Подписал гранки своего избранного. Это не Андреевское (приписано рукой: Вознесенск <ого>) — томообразнее, книжечка-то на 185 страничек[274], почти все юношеское — 16-ти-летназаднее, но кое-что пока удалось и там из неопубликованного, и если… то и это кое-что — кое-что. Вот так и живем — от кое-что до кое-что. Мерзость, ярость, нищета, но… данность. Только открываю глаза, смеюсь как шакал — сквозь глаза, ибо слезы все выслезились.
Еще весной получил вызов в Чехословакию от своего переводчика. (Никогда его не видел в глаза.) Сейчас получил паспорт. Написал письмо — когда приехать и жду когда. А деньги на исходе… Если бы друг был этот чех, а то… как стеснять, их? Как быть там, если не знаю в Чехии ни единого человека, а кого знал — нет их там сейчас. Жду.
Кулаков пишет отчаянные письма. Пытаюсь успокоить: дорогой, ты в Риме всего три месяца, а уж если Москва слезам не верит, то Рим — океаном слез не смутишь. За три месяца не прилетают ни Жар-птицы, ни семь братьев не появляются. Жди терпеливо и храбро, пока царевна проснется (ведь проснется!). Судя по письмам, его мучают свои же т<ак> на- з<ываемые> «диссиденты» (там-то они кто?). А он это не умеет, да и — не для нас соцвопли. Соцсопли.

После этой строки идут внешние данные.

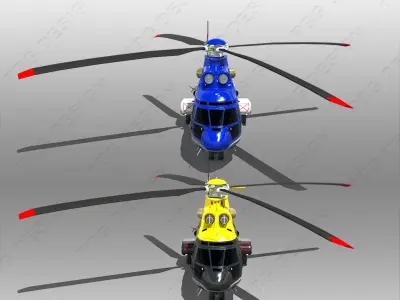 Aerospatiale 33L2 Low-poly 3D model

Но самое главное: в последний день в Эстонии пошел в лес, грустно мне было расставаться с моим лесом (нет у меня больше души живой ни в тех краях, ни в этих), лес был неплох, были и белые, были и красные (о грибы! не ассоциации гражданских войн!), и вдруг, на грани последней грусти, когда вышвырнул нож (ритуал — конец грибной охоте!), вдруг — перед самым лицом — Белый, Гигант (потом взвесил — 800 грамм, чистый, без червоточинки), и в эту самую секунду вдруг в моем изможденном мозгу блеснула пьеса, не замысел, не план, вся пьеса — как вспышка! «Не ходи в лес!» Так сказать, идея ее — никто не ходи в мой лес! Пьеса вне времени и пространства. Хутор. Приезжает Дева-Рыба и ей все говорят: не ходи в лес, это ЕГО лес. И начинает в рассказах выясняться, кто же такой был ОН. Он был человек со звенящими волосами. Дура все же идет в лес, раз, другой, сначала начинает заикаться, а потом немеет. Долго описывать замысел даже. Но пьеса уже — есть. Есть планы, наброски, черновики — это чушь, главное — она есть во мне, первая моя, настоящая, миф о несчастном чудотворце, которому были запрещены чудеса (не хожденье по морям, не хлеб на мильон человек), обыкновенные человеческие чудеса собственного достоинства на фоне пошлости и ублюдков. Написать эту пьесу и умереть.[275] Больше мне ничего не надо. Но пока не напишу — ничего со мной не будет. За этот месяц одиночества в абсолюте я понял больше, чем за все прошедшее десятилетие. Он — это просто идеал человеческого достоинства. И люди хутора, униженные, оскорбленные и т. д., как над ними ни издеваются страшные зюйды (племя поработителей), на все отвечают и грозят: ОН придет, и если вырубили ЕГО лес — ОН придет и лес вырастет. Вот и я себе говорю: ОН придет! Нельзя опускаться, ты видишь — выше, отстрани от себя всю шелуху чужих людей и своих истерик, — хлеб и труд: где еще больше счастье? И у Чехова восклицают: сад вырастет! Но это — демагогия (герой — демагог и эклектик). Здесь сознательное скрещеванье концовки — здесь вера в Дух Святой (я не псевдоправославен, как модно, вообще я — вне Бога).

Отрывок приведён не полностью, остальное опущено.